California manufacturers weigh the costs of new greenhouse emissions rules

— The Morning Star Co.’s three plants in California emit roughly 200,000 metric tons of carbon dioxide into the atmosphere each year as they turn tomatoes into ketchup, spaghetti sauce and juice used by millions of consumers around the world.

Beginning Tuesday, under the terms of a California environmental law known as AB 32, Morning Star and 350 other companies statewide will begin paying for those emissions.

Companies are trying to figure out how this will affect their bottom lines and have lobbied state regulators to minimize the costs. In the meantime they are weighing their options. Should they stay and adapt or move operations? Should they retrofit and innovate to reduce emissions? Should they swallow the regulatory costs or pass them on to customers?

Each company’s calculus depends on its particular circumstance. Morning Star has to be near the tomato fields of California’s Central Valley, so relocating was never an option. Its biggest question is how to handle the extra costs.

The rules are relatively simple for producers like Morning Star. At the end of 2014, they must present stateissued allowances — one per metric ton of emissions — for the greenhouse gases they emitted in 2013.

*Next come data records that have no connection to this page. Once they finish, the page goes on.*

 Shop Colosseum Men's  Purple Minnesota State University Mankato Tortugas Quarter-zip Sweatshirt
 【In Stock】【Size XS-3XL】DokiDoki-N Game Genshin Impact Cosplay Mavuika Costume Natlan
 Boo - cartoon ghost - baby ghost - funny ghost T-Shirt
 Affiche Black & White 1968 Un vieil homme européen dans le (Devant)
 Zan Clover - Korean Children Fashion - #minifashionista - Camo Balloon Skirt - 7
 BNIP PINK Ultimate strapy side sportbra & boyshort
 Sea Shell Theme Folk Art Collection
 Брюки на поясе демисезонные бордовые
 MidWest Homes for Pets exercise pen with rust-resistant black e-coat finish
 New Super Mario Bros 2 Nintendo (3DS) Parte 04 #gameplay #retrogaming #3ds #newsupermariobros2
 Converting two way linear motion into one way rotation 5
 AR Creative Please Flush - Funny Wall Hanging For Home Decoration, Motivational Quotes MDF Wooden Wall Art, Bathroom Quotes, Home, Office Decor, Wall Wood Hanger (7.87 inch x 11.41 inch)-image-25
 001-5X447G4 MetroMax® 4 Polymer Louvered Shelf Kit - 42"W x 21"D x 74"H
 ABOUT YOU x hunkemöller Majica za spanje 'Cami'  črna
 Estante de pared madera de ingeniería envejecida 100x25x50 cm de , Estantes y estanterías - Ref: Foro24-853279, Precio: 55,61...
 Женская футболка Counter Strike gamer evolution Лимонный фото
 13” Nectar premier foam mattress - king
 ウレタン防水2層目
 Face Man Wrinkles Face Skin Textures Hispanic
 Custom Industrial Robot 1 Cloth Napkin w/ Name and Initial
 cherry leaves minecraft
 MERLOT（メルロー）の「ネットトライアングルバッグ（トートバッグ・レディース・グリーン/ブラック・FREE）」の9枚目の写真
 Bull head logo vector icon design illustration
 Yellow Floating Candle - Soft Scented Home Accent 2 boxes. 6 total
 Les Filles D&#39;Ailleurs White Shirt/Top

For the 200,000 metric tons of carbon dioxide emitted annually by its three plants, Morning Star is being awarded about 192,500 free allowances the first year; the company must buy the remainder on the open market. In the first allowance auction in November, the allowance price settled at $10.09 a ton, meaning in the first year Morning Star has to pay roughly $75,000 to cover its emissions.

But over the next five years, the number of free allowances will decrease sharply to encourage further emissions cuts. At current rates, that means Morning Star will have to buy 100,000 allowances for both 2017 and 2018, by which time the prices may have doubled or tripled in an open market. The company estimates the law will cost it an extra $20 million over the next seven years.

Nick Kastle, a company spokesman, said it would almost certainly pass on the new costs to makers of ketchup and frozen pizza, which likely will share the extra costs with consumers. “People nationwide are going to be affected by AB 32,” he said.